Por larga maioria de votos, o Tribunal Internacional de Justiça (TIJ) condenou os EUA por ignorarem os direitos de dois irmãos de origem alemã executados, em 1999, por homicídio.

Foi em 1999 que a Alemanha entregou uma queixa no Tribunal Judicial das Nações Unidas, argumentando que os EUA ignoraram a Convenção de Viena, por não terem informado os funcionários consulares alemães da detenção e condenação de Walter e Karl LaGrand.

A Alemanha afirma apenas ter sido informada do caso em 1992, numa altura em que os dois irmãos já estavam no corredor da morte: foram eles próprios que contactaram a embaixada alemã, depois de serem informados, por outros detidos, que tinham direito a receber assistência do consulado alemão.

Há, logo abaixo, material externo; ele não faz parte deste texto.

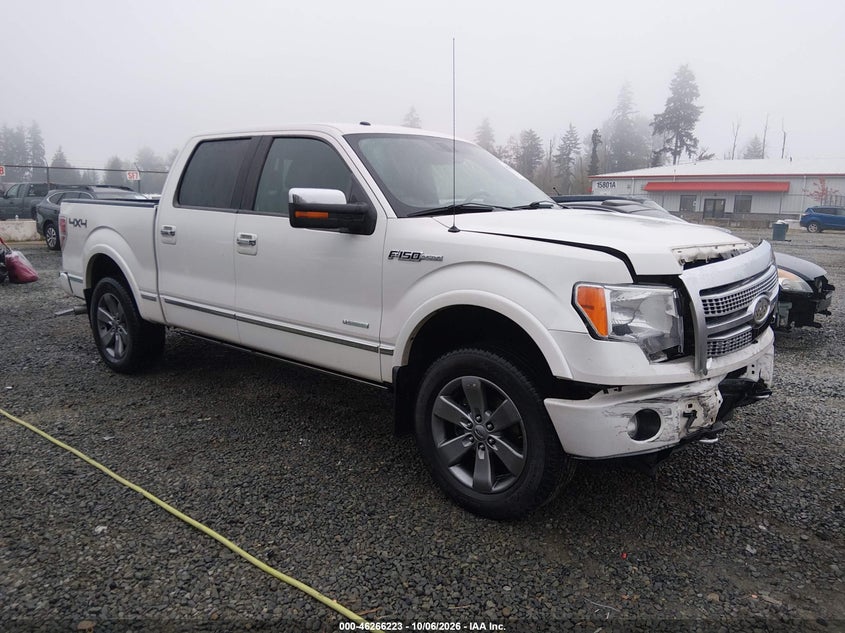 Vin: 1ftfw1et1bfc24461, lot: 46766302, ford f-150 platinum 2011 img_1
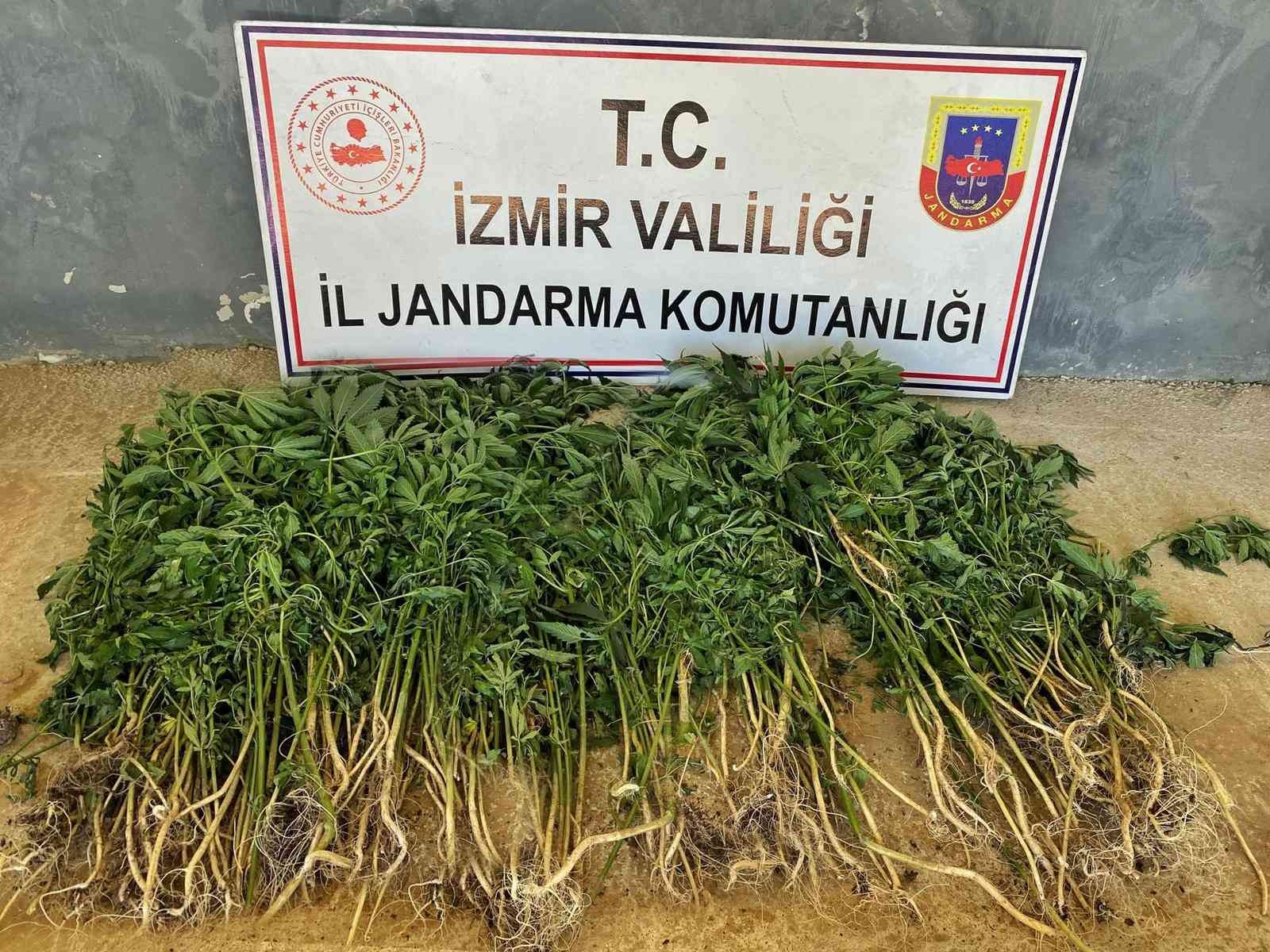 İzmir’in 9 ilçesinde uyuşturucu operasyonları: 26 gözaltı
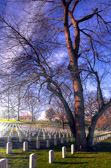 PJH_4417.jpg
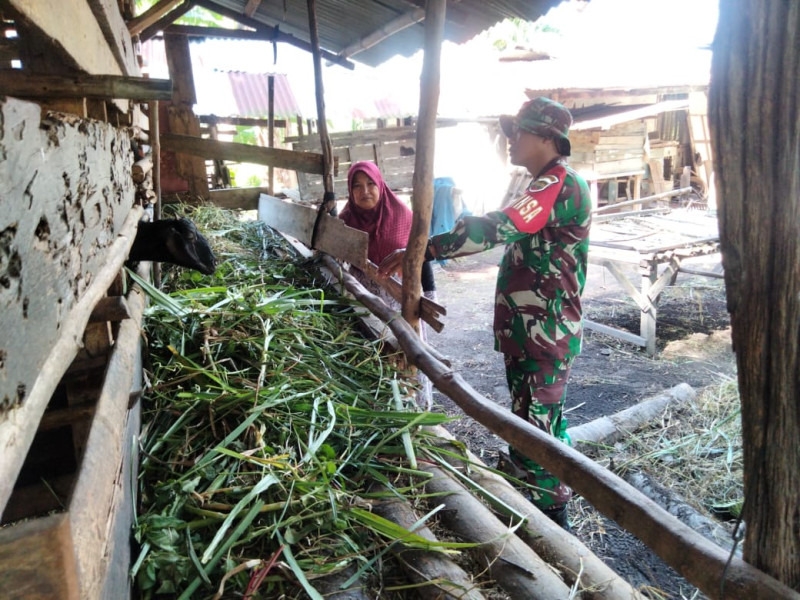 Sosialisasi PMK, Babinsa Imbau Peternak Jaga Kebersihan Kandang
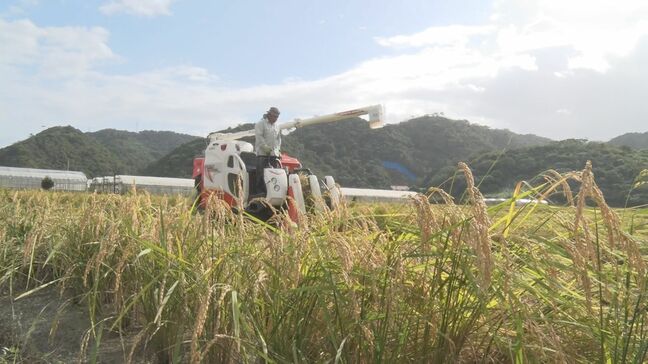 「炊きたては香り、冷めてもモチモチ」名護市羽地の田んぼで二期作米の収穫作業|TBS NEWS DIG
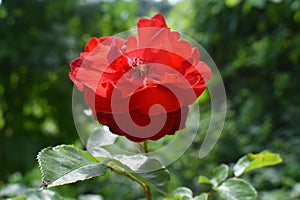 Close-up photo of bright red rose in the garden. Lilium members of which are true lilies is a genus of herbaceous flowering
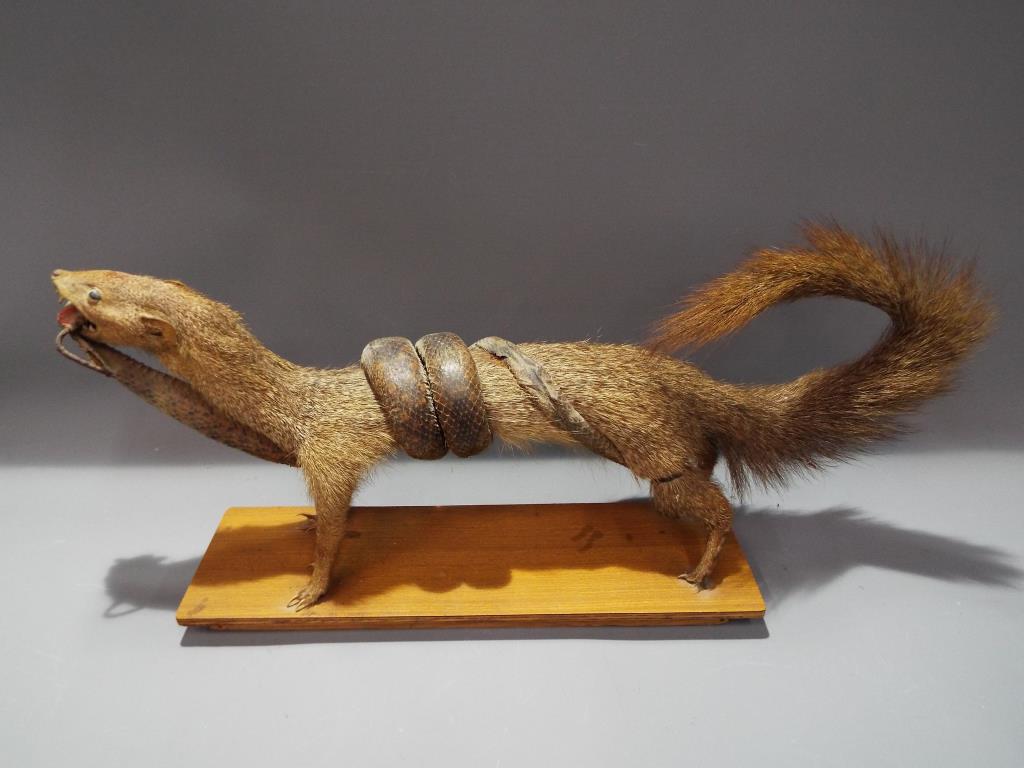 Taxidermy - a taxidermy mongoose and cobra arranged in fighting pose.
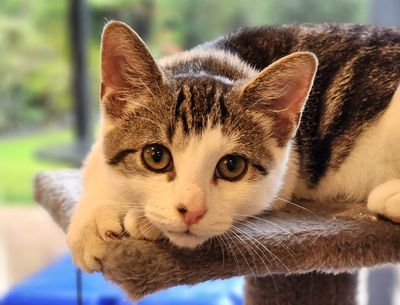 Happy adoption story: OJ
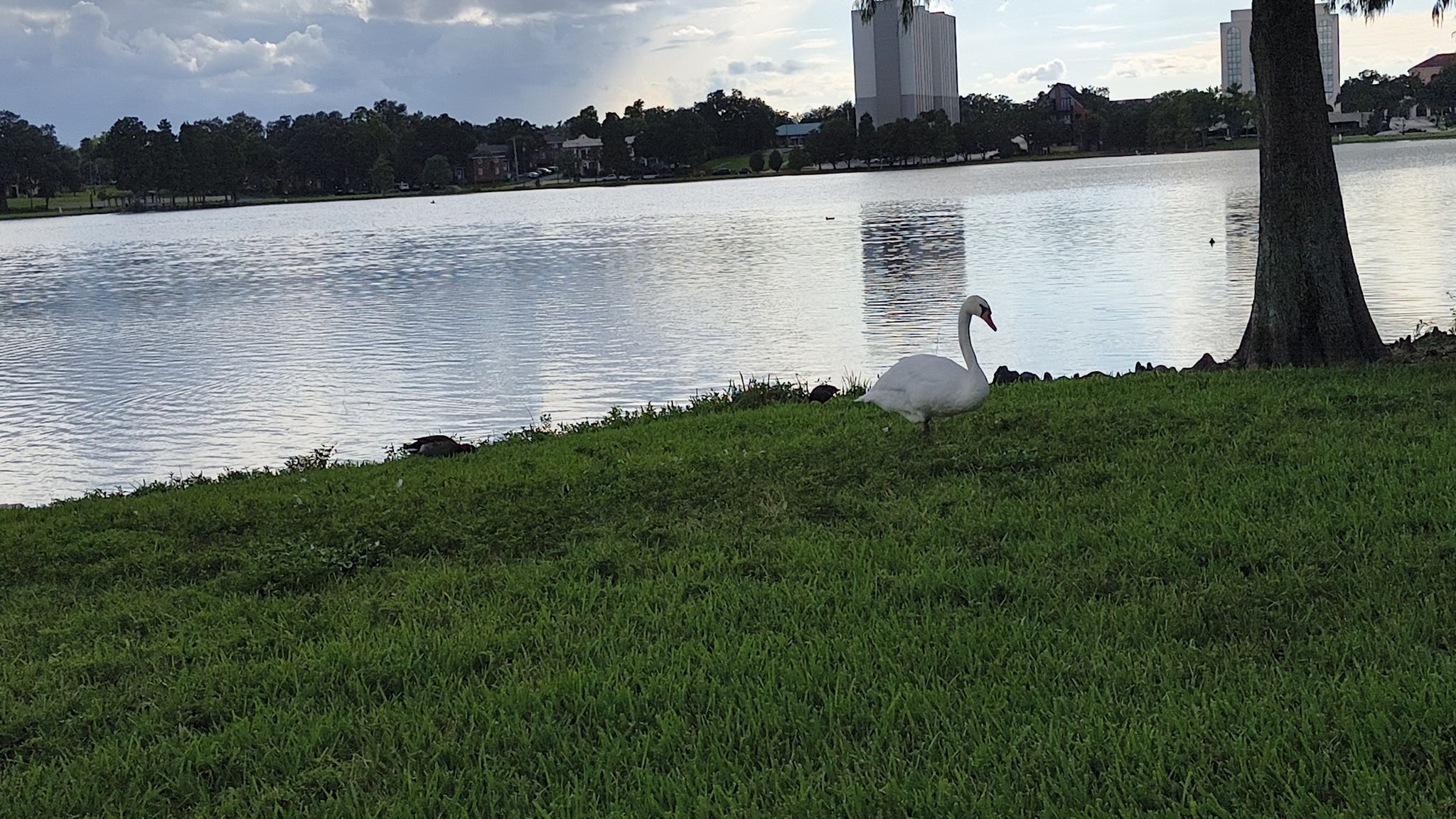 Lake Morton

Os LaGrand foram condenados pelo homicídio de um bancário, durante um assalto a uma agência em 1982. Depois de Karl LaGrand ter sido executado, foi a vez de Walter LaGrand também o ser, em Março de 1999, no mesmo dia em que o TIJ emitiu uma ordem para que a execução fosse adiada.

Os EUA admitiram a violação da Convenção de Viena e apresentaram desculpas à Alemanha. Defenderam, no entanto, que a queixa não devia ter sido apresentada ao TIJ e culparam a Alemanha por apenas ter apresentado o caso após as execuções.

A decisão do TIJ vem mostrar que os EUA não podem continuar a ignorar as suas obrigações, no que diz respeito à aplicação da pena de morte.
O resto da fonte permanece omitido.